_Required work_
Find "Vanity Art 72", then copy its line and every later line of the entries exactly through the end, leaving all pictures out.

-- Provided data follows --

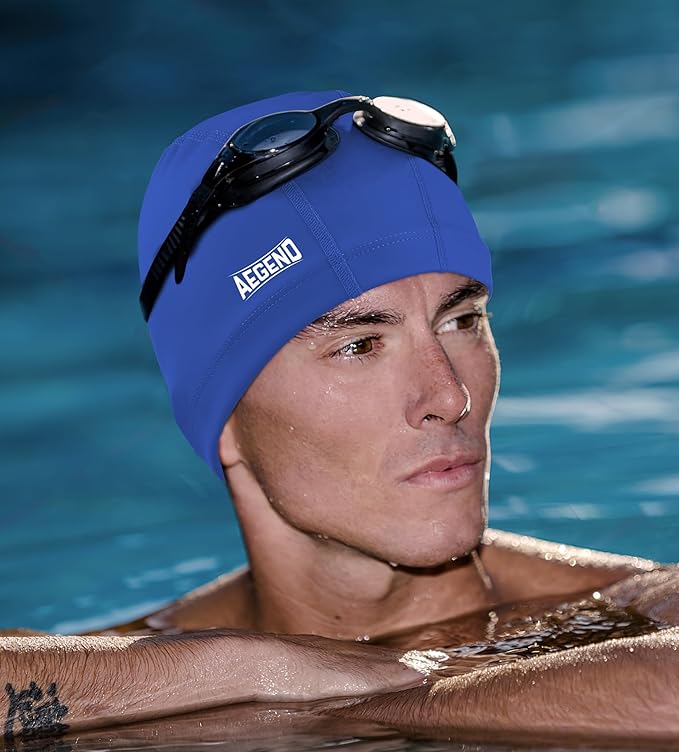 Aegend Fabric Swim Cap, Silicone Waterproof Layer - Breathable Cloth Swimming Cap, Keep Hair Dry with Hight Elasticity for Youth(8-16) Adult, 2 Sizes to Choose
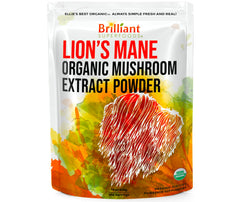 Ellie's Best Lions Mane organic powder bottle for daily nutrition.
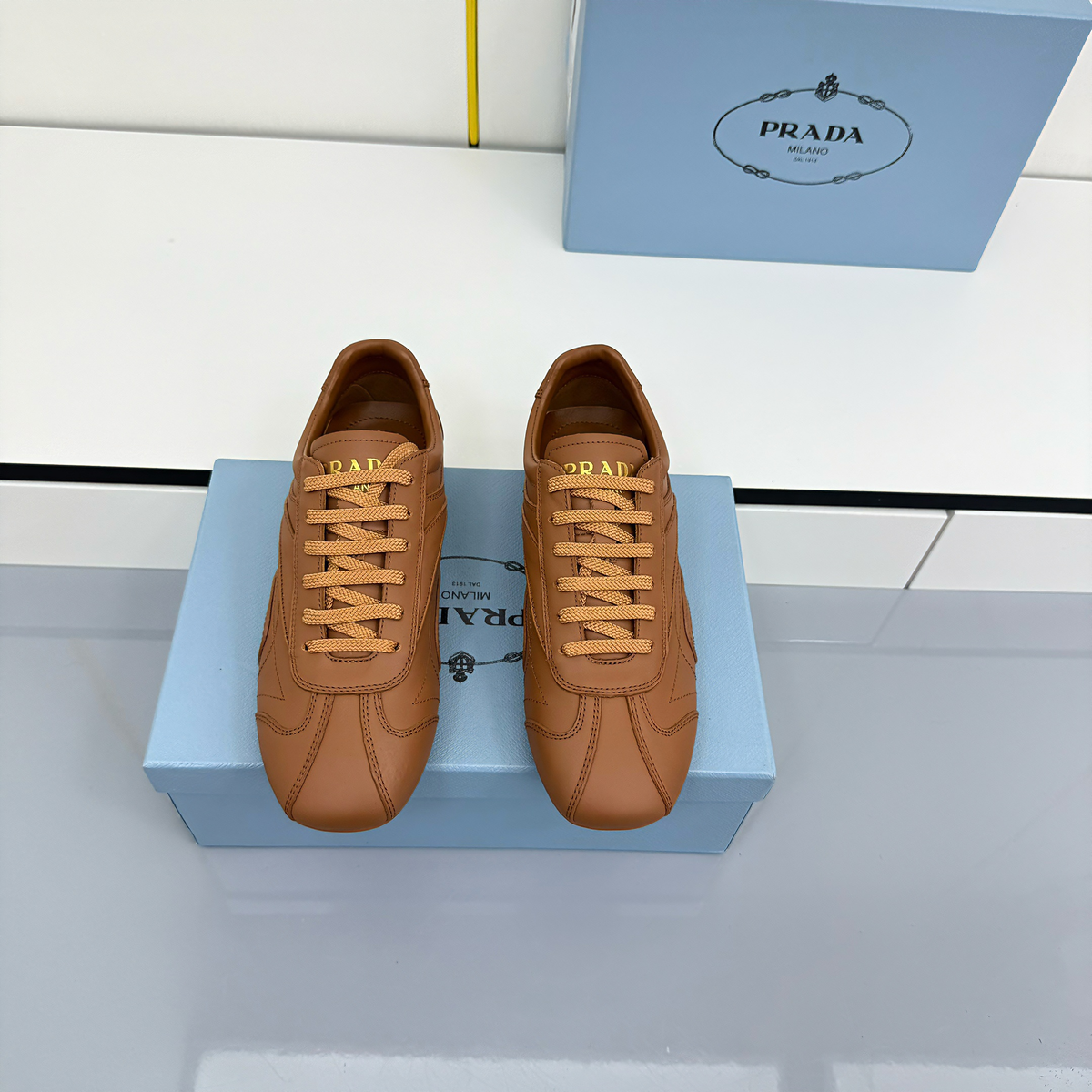 Prada Montecarlo Sneakers Brown Cowhide 565698
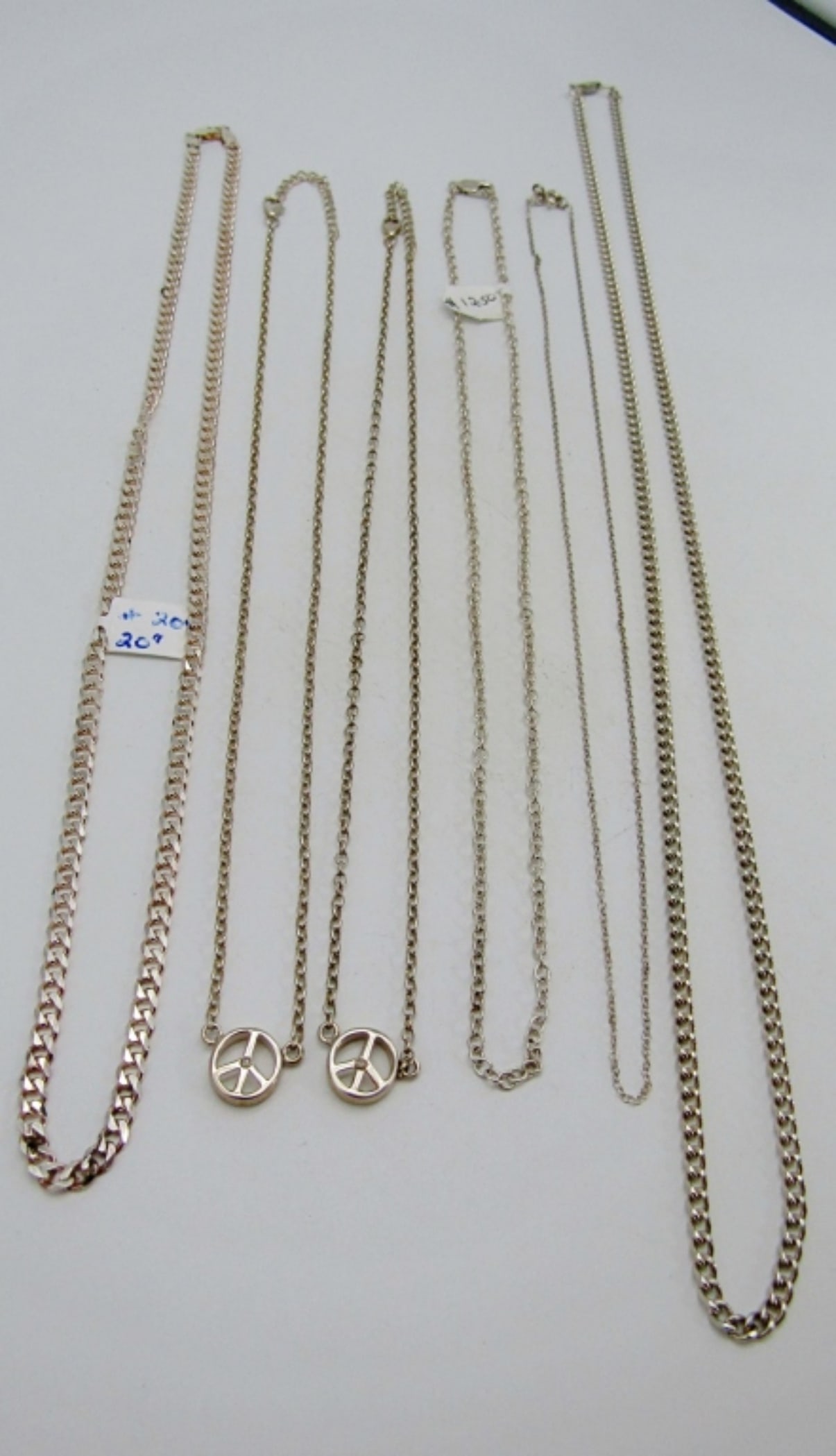 (5) STERLING CHAINS - VARIOUS SIZES - SEE DETAILS (1 of 2)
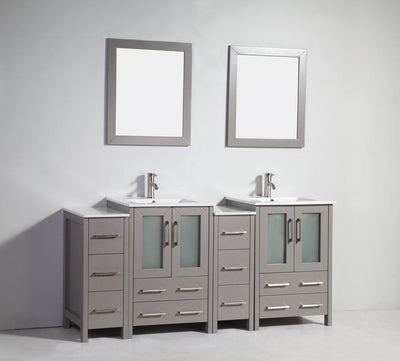 Vanity Art 72 in. Double Sink Vanity Cabinet with Ceramic Sink & Mirror - Grey, VA3024-72G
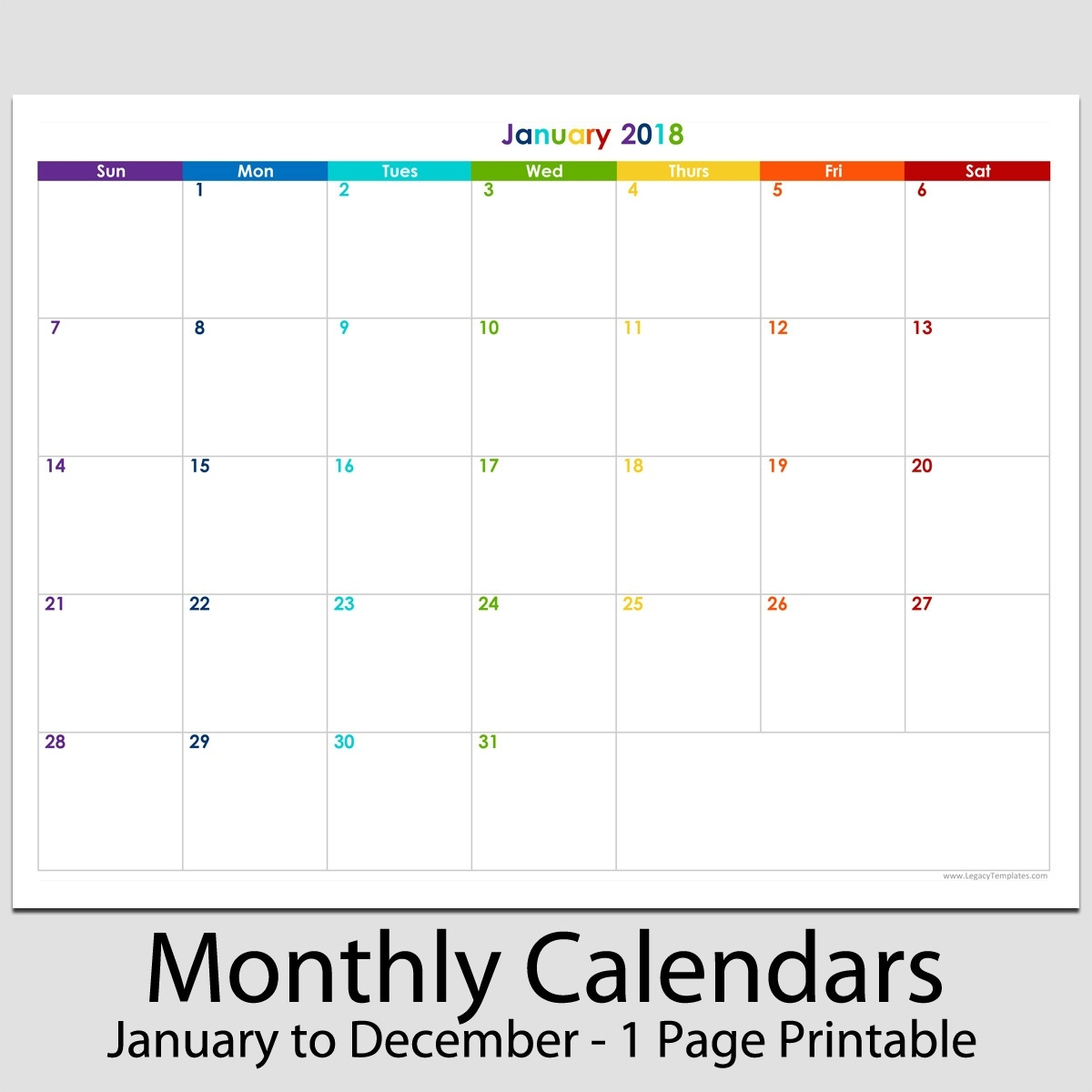 2018  12 Month Landscape Calendar  8 12&quot; X 11&quot; | Legacy with Blank 12 Month Calendar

-- Provided data concluded --

_Solution for this task_
 Vanity Art 72 in. Double Sink Vanity Cabinet with Ceramic Sink & Mirror - Grey, VA3024-72G
 2018  12 Month Landscape Calendar  8 12&quot; X 11&quot; | Legacy with Blank 12 Month Calendar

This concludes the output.